The Stream Control Transmission Protocol (SCTP) is a new transport protocol at the same layer as TCP and UDP. It provides functions for association management, sequence delivery, message chunk building, packet validation, and path management. SCTP is a new reliable, message-oriented transport layer protocol. It is mostly designed for Internet applications that have recently been introduced.
These new applications such as IUA (ISDN over IP), M2UA and M3UA (Telephony Signalling), H.248 (Media Gateway Control), H.323 (IP telephony), and SIP (IP Telephony), need a more sophisticated service than TCP can provide.
It is a transport layer protocol and is used for end-to-end communications. SCTP is a unicast connection oriented protocol. It provides reliable transport, in-sequence packet delivery and rate-adaptive congestion control. SCTP has a 32 bit CRC.

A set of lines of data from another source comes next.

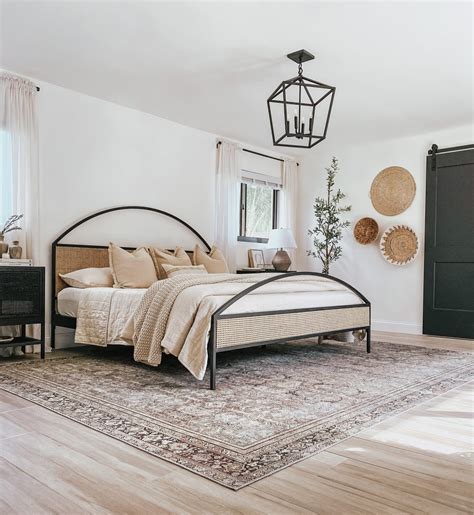 A black bedroom with organic touches such as potted plants and wooden accents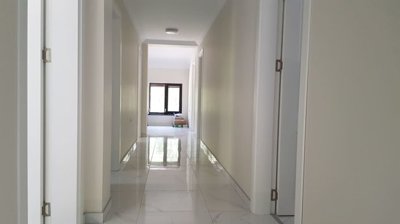 Bright indoor corridor with white walls, multiple doors, and window at end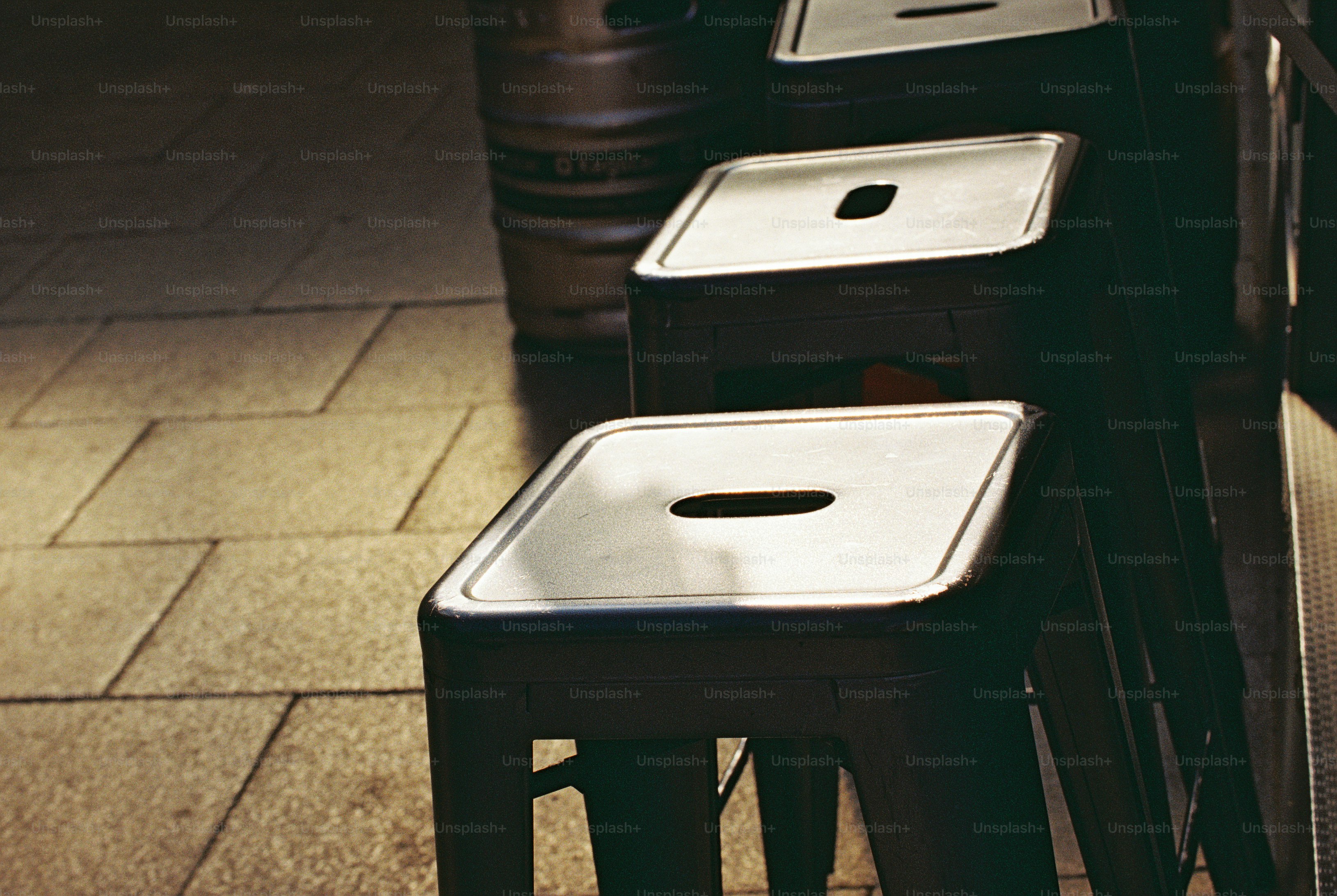 Dark metal stools and a steel keg on paved ground in warm light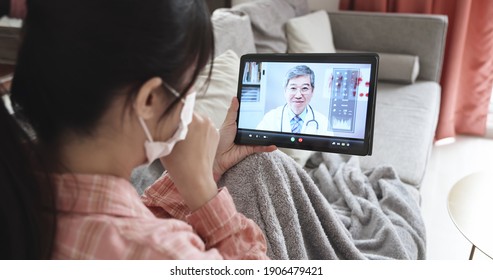 Telemedicine Concept - Rear View Of Asian Female Has Video Chat With Elderly Male Doctor By Digital Tablet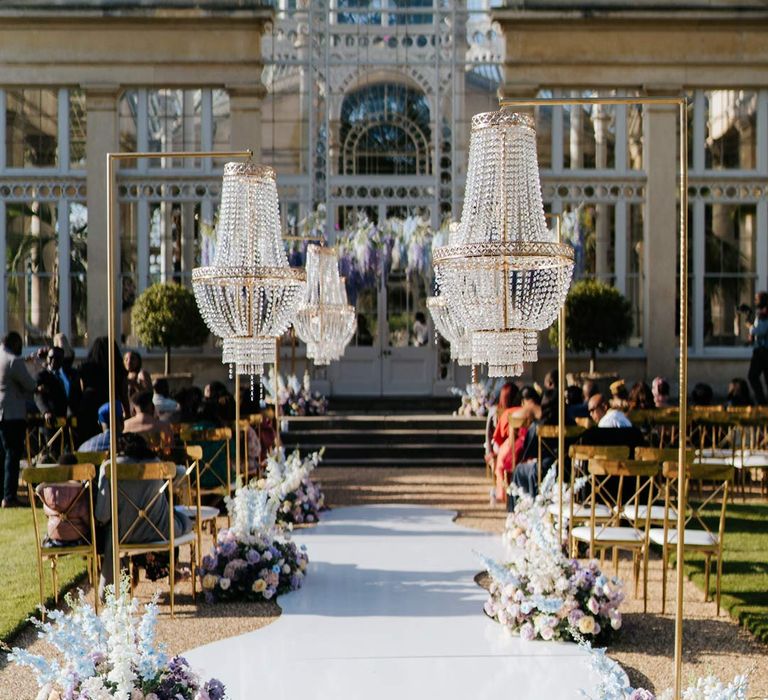 Syon Park wedding venue with outdoor gold and crystal chandeliers and pastel aisle flower arrangements outside of The Great Conservatory for vow renewal 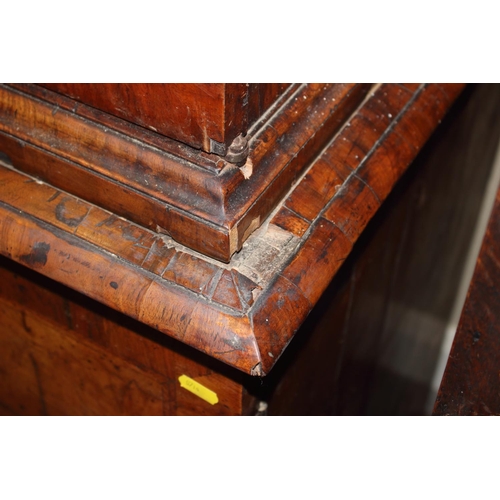 508 - An early Georgian figured walnut and feather banded cupboard of drawers, the upper section fitted tw... 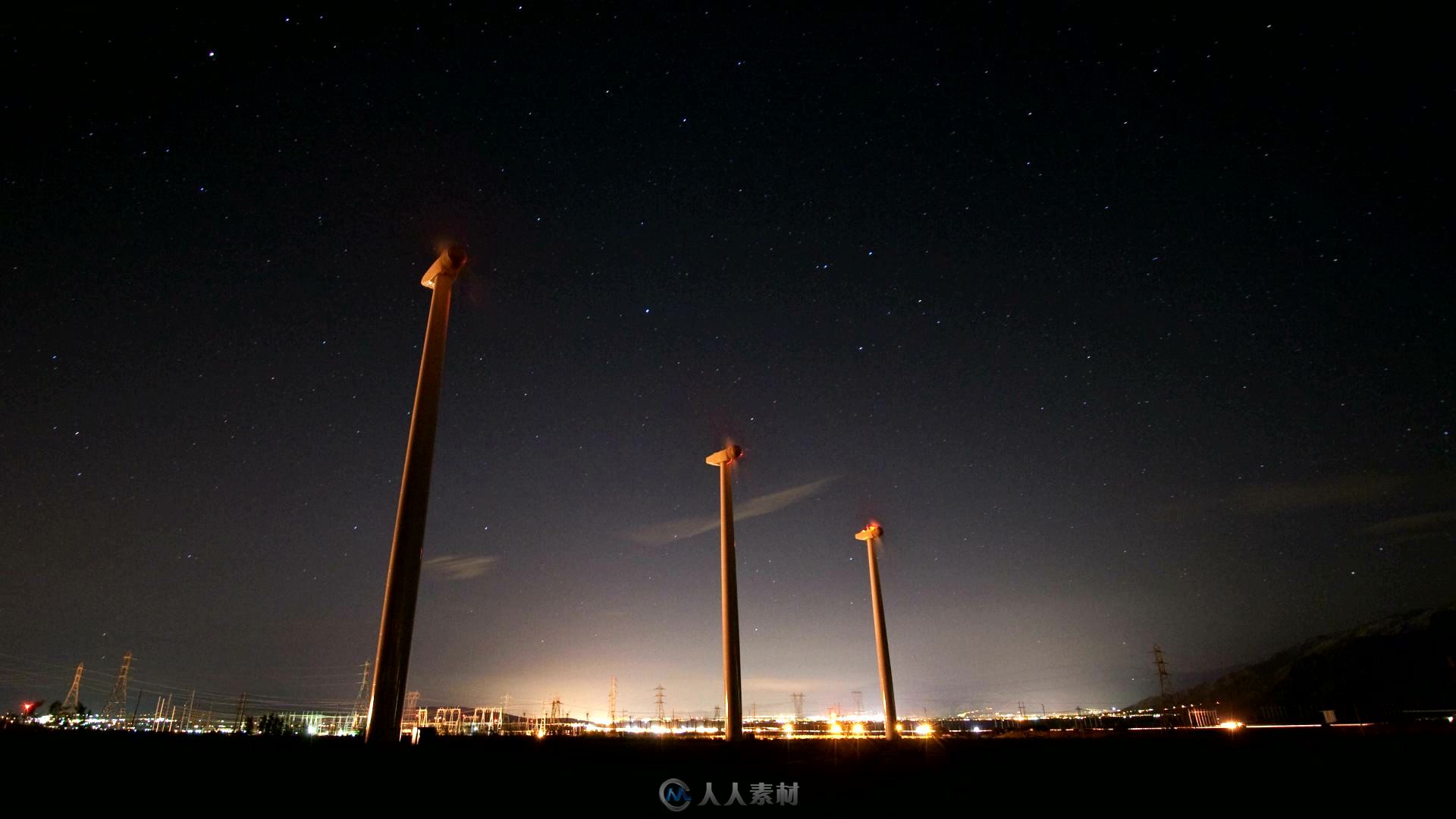 夜晚的风力发电机组延时视频素材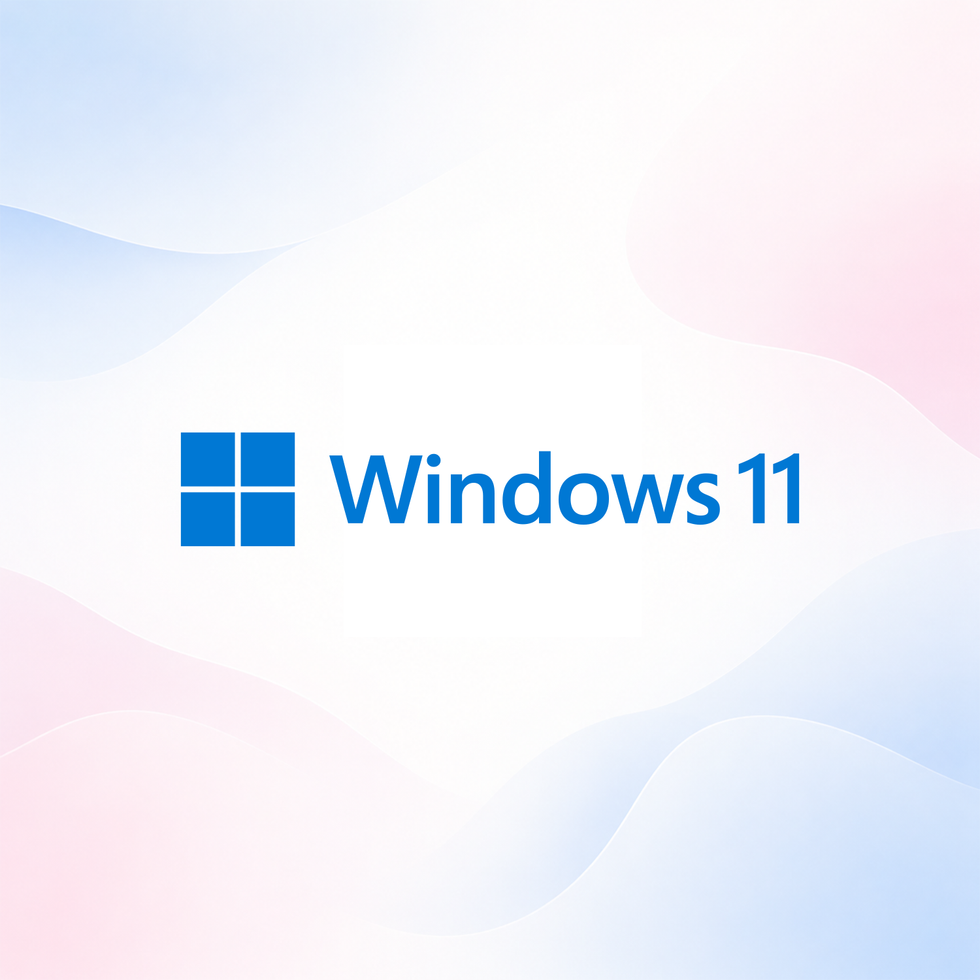 Windows 11 logo on a soft blue and pink gradient background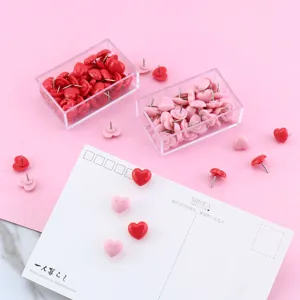 Cute pink and red heart-shaped push pins set with clear plastic storage box for office.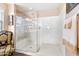 Modern glass shower with a seat and built-in shelves for bath supplies at 20728 W Legend Trl, Buckeye, AZ 85396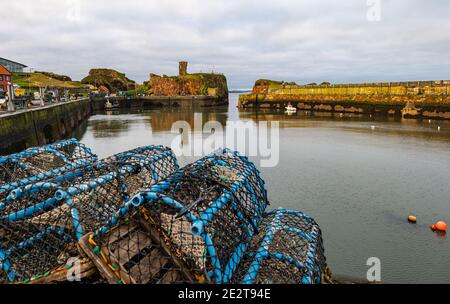 Dunbar Harbour, East Lothian, Scozia, Regno Unito, 15 gennaio 2021. Industria della pesca: Il porto di Victoria, il porto principale della città, è vuoto con una barca da pesca solitaria. Le pentole di aragosta fiancheggiano la banchina con il castello di Dunbar in rovina sullo sfondo Foto Stock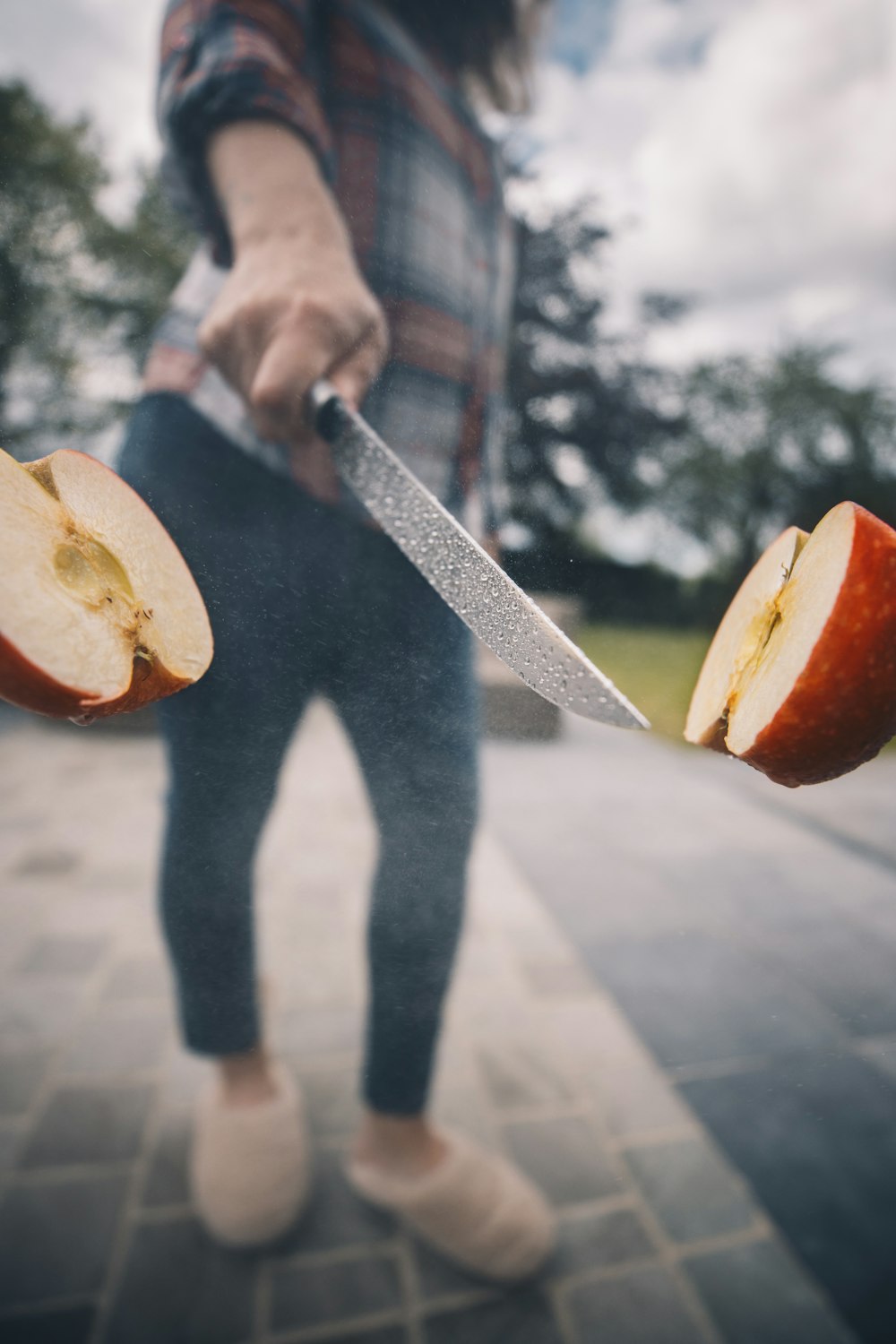 person holding knife slicing apple fruit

It is message oriented and has connection detection. It can detect dropped and duplicated packets and can also provide the best of both TCP and UDP capabilities.
It can handle multiple simultaneous streams. SCTP is more resistant to Man-In -The Middle and Denial of Service attacks. It uses a cookie mechanism.
It does not allow for half-open connections so it is more resilient to flooding, masquerade attacks.
The features of SCTP are as follows −
It is suitable for Ethernet jumbo frames because of improved error detection.
It provides validation and acknowledgement mechanisms which protect against flooding attacks.
It provides notification of duplicated or missing data chunks.
It eliminates unnecessary head-of-line blocking by delivering chunks within independent data.
It provides path selection and monitors it.
It selects a primary data transmission path and tests its connectivity.
The services provided by the SCTP are as follows −
Process-to-Process Communication − SCTP uses all ports in the TCP space.
Multiple Streams − SCTP allows multi stream service in every connection, which is called association in SCTP terminology. If any one of the streams is blocked, then the other streams can deliver their data.
Multihoming − The sending and receiving host can define multiple IP addresses in each end for an association. In this approach when one path fails, another interface is ready to deliver without interruption. This fault-tolerant is used when we are sending and receiving real-time payload like Internet telephony.
Full-duplex Communication − Data can flow in both directions at the same time.